‘Remember when you are far away up country, possibly the only Englishwoman there, that these men will note and remember your every action not only as a nurse but as a woman.’ Florence Nightingale
When a young northern girl quietly dropped home economics in favour of the three sciences, against her parents’ wishes, little did she expect to rise through the ranks of the Queen Alexandra’s Royal Army Nursing Corps (the QAs), the nursing branch of the British Army, and follow in the footsteps of Florence Nightingale, to whom the QAs trace their heritage, healing injured soldiers far from home as well as educating and recruiting sisters back in Britain.
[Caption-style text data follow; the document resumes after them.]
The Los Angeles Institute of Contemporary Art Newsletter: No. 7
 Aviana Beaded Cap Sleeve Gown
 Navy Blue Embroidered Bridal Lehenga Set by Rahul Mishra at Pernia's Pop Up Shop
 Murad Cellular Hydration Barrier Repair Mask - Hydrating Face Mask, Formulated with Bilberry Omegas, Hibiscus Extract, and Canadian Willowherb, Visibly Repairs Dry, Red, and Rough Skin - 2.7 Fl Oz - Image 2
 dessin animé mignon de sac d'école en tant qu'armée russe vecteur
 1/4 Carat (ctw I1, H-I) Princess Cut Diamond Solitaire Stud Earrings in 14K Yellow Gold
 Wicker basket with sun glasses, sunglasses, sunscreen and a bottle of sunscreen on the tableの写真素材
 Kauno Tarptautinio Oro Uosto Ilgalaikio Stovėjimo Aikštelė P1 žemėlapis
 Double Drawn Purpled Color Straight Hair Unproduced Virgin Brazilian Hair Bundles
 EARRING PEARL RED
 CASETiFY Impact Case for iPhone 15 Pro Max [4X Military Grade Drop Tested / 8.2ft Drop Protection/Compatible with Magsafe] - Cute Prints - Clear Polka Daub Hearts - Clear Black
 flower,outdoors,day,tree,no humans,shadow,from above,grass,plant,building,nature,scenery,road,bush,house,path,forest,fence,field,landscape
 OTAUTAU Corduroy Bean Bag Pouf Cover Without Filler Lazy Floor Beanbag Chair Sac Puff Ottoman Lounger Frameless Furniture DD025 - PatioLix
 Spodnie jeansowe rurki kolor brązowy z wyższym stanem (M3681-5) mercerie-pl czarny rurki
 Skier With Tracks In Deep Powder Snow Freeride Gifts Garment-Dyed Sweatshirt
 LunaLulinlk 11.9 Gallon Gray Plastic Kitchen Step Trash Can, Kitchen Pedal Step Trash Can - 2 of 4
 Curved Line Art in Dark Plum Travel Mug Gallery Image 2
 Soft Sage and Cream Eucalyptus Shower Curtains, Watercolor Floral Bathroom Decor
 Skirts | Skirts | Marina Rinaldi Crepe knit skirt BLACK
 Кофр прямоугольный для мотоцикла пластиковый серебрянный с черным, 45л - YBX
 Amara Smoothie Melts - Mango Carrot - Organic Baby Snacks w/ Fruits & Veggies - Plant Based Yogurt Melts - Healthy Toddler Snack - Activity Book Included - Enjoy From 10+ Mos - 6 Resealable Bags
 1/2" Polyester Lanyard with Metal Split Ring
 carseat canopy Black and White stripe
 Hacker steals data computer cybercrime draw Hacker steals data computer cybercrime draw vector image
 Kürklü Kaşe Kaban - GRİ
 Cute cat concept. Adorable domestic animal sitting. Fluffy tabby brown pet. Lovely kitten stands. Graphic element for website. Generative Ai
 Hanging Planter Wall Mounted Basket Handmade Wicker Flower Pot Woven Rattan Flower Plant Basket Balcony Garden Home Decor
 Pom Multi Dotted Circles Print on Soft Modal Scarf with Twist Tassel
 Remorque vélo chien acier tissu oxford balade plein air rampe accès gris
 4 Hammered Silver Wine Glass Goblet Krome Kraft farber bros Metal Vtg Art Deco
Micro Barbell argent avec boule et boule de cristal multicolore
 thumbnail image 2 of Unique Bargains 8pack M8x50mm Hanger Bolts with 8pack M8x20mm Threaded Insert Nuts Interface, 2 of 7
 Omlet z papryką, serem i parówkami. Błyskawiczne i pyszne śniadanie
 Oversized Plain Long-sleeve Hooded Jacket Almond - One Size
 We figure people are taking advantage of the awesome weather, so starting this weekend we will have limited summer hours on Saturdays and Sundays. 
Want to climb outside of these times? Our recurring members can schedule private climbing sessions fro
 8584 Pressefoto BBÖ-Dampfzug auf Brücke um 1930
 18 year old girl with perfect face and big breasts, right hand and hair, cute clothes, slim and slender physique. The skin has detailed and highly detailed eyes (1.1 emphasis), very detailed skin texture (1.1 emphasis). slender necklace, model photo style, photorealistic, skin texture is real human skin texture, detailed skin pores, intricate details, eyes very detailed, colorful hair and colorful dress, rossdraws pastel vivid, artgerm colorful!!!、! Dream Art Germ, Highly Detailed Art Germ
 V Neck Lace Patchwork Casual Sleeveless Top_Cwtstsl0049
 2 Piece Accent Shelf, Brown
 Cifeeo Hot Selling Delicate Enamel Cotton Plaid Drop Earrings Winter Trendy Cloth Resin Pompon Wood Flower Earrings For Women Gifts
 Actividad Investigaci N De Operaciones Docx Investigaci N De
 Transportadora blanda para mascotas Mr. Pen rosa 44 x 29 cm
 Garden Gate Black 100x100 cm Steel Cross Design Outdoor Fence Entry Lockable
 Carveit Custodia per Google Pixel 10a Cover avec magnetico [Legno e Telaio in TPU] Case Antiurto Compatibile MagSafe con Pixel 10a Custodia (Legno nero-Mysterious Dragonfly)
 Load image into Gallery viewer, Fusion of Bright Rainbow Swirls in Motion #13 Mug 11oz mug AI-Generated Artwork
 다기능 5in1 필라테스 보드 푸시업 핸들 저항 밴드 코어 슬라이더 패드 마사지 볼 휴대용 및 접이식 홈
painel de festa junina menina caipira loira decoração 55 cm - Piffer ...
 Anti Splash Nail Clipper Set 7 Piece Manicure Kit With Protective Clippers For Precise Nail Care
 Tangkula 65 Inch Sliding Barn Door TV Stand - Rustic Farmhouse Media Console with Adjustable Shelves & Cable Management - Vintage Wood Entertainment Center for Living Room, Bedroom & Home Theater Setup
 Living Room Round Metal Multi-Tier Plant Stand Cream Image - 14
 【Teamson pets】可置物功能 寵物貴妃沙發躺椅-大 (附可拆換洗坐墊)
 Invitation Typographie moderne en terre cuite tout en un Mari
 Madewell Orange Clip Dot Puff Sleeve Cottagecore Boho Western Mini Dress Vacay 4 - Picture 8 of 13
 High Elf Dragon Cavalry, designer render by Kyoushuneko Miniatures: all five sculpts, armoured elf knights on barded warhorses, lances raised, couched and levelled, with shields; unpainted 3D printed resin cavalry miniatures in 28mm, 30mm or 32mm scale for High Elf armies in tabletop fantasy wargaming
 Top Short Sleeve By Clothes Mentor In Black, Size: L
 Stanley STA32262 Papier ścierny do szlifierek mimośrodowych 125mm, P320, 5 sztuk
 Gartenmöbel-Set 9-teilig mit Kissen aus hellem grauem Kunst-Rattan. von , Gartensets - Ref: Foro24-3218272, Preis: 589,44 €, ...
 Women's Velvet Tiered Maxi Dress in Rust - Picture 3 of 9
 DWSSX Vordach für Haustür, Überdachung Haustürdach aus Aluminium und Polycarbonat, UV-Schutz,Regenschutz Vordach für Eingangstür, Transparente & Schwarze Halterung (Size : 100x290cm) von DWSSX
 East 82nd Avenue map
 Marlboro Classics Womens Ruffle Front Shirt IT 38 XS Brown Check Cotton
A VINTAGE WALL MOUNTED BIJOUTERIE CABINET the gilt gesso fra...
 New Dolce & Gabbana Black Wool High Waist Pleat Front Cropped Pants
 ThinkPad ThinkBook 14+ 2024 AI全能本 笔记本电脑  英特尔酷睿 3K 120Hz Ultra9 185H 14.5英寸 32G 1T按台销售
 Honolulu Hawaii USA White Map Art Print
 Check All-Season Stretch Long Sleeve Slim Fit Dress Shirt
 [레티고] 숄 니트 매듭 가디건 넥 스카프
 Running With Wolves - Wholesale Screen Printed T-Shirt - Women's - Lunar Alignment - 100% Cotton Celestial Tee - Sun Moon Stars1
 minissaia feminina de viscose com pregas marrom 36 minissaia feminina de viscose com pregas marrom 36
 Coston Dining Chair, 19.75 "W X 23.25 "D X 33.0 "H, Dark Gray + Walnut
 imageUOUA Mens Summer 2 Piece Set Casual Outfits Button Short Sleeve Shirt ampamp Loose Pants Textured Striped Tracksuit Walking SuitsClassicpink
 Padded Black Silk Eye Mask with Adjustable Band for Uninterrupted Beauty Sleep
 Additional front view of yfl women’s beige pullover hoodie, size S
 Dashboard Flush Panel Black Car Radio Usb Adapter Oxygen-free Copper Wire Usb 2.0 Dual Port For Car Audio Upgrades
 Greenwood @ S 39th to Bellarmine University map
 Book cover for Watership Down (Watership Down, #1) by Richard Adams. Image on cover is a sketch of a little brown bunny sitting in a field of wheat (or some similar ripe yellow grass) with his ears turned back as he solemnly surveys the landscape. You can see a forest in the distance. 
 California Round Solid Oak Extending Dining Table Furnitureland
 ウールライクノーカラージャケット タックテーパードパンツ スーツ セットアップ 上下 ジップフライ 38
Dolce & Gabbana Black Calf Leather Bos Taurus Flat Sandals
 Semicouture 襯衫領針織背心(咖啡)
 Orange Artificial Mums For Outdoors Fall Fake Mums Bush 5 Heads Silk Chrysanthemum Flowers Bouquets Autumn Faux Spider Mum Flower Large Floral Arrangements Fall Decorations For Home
In this heartfelt memoir, spanning the 1950s and ’60s, Major Margaret Thomas ARRC recalls preparing operating theatre supplies for Suez, avoiding the wrath of the President of Ghana, working with Canadians in a military hospital in Germany, toiling day and night in Singapore with casualties flown in from Borneo, enjoying R&R in Penang and being presented to the Queen at Buckingham Palace. Through her reminisces we learn of the special relationship between the troops and the sisters – QAs being a combination of ‘mum’ and ‘sweetheart’ depending on the age of the soldier and the severity of his injuries. Margaret recalls happy, sad and sometimes hilarious incidents with service patients and she embodies all that Florence Nightingale hoped for in an army nurse: compassion, skill, discipline and an appetite for adventure.